Айше нравилась Катя, и их симпатия была обоюдной. Она знала, что гостья сейчас начнет вытаскивать из сумки самые невообразимые вещи, всякую русскую экзотику и будет упорно отказываться принять деньги – хотя бы за то, что Айше сама просила ее привезти. Катя совершенно не соразмеряла цены на вещи со своими представлениями о них. Ее муж, конечно, неплохо зарабатывал в России и, судя по всему, был добрым человеком, позволяющим жене все ее нелепые траты. Но все равно нельзя же так! Айше считала, что Катя ставит ее в неловкое положение, заставляя постоянно принимать подарки бесплатно, однако в присутствии Кати эта неловкость почему-то не ощущалась. Может, потому, что та так радовалась привезенным сувенирам, рассказывала, как прятала их от непредсказуемой русской таможни и как упаковывала, чтобы ничего не разбилось и не испортилось в пути.

– Вот! – Катя гордо вытащила из пакета лист картона и продемонстрировала его зрителям. Они с изумлением уставились на то, что оказалось необычной и явно талантливой картиной. Нежной прозрачной акварелью в центре ее была нарисована изящная, как рисунок на китайском фарфоре, голубая роза. Роза словно парила в воздухе, зависнув среди размытой голубовато-сиреневой дымки, а не росла и не стояла в вазе, и это придавало картине какой-то сюрреалистический вид. Но самое интересное было не это: как бы просвечивая сквозь розу, из акварельной дымки выплывало женское лицо, и хотя оно было нарисовано лишь несколькими тонкими и точными линиями, можно было не сомневаться, что это лицо Айше!

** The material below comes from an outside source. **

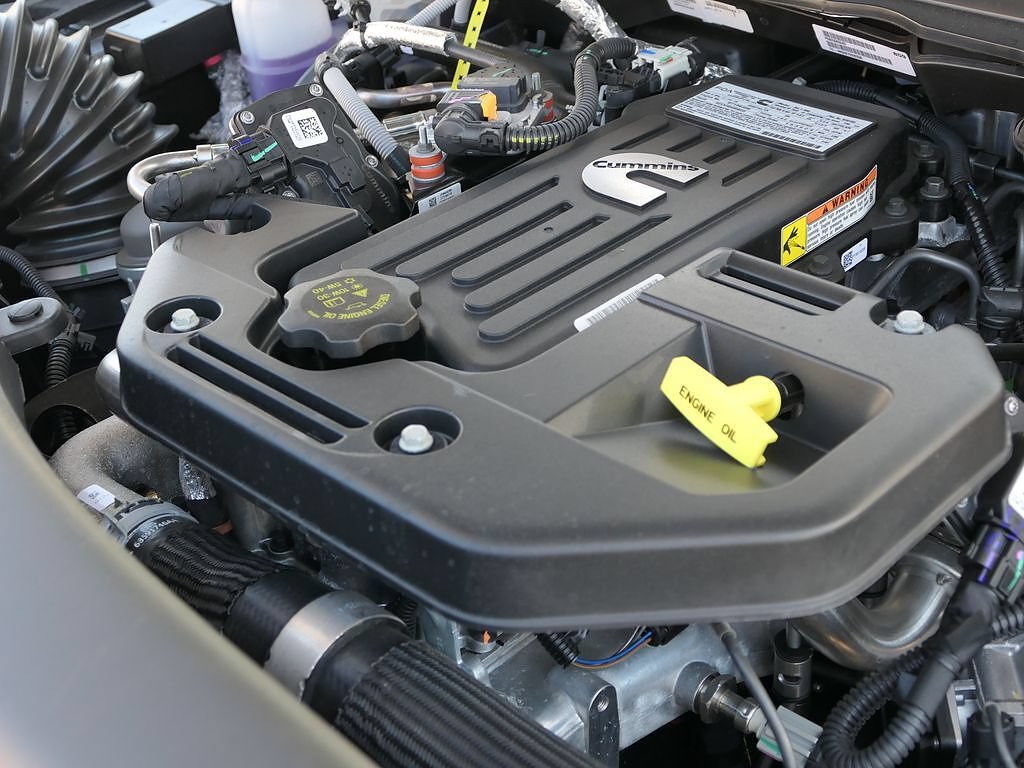 New 2026 RAM 5500 Tradesman w/ Chrome Appearance Group AWD/4WD image 27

Катя наслаждалась произведенным эффектом.

– Какая прелесть! Где ты это взяла? Очень похоже, просто изумительно! Прекрасная акварель! – в один голос заговорили Октай, Айше и даже присоединившийся к ним Кемаль.

– Что значит «похоже»? Это и есть наша Айше!

– Кто это рисовал? Ты что, заказала картину? Как же?.. – пыталась подобрать слова Айше.

– Миссис Катья, это же безумно дорого! Я должен заплатить за картину! Непременно. Мы после договоримся, без Айше, о‘кей? – Октай снова был самим собой, каким Кемаль видел его в начале визита: уверенным в себе, богатым, доброжелательным и щедрым.

Довольная Катя только рассмеялась:

– Если я вам скажу, сколько стоит эта картина, вы будете разочарованы и потеряете ко мне всякое уважение.

– Почему? – удивилась Айше.

– Потому что ты газет не читаешь и, наверно, даже не знаешь, что у нас с августа жуткий экономический кризис. Люди покупают только еду, а на роскошь вроде книг и картин спрос упал до того, что их можно купить за гроши. Художники сидят на улице и готовы рисовать портреты всех прохожих подряд. Я выбрала одного, показала ему твою фотографию и сказала, что на картине обязательно должна быть голубая роза. А заплатила я ему столько, что об этом смешно говорить.

– Но это же нехорошо! Такой талантливый человек!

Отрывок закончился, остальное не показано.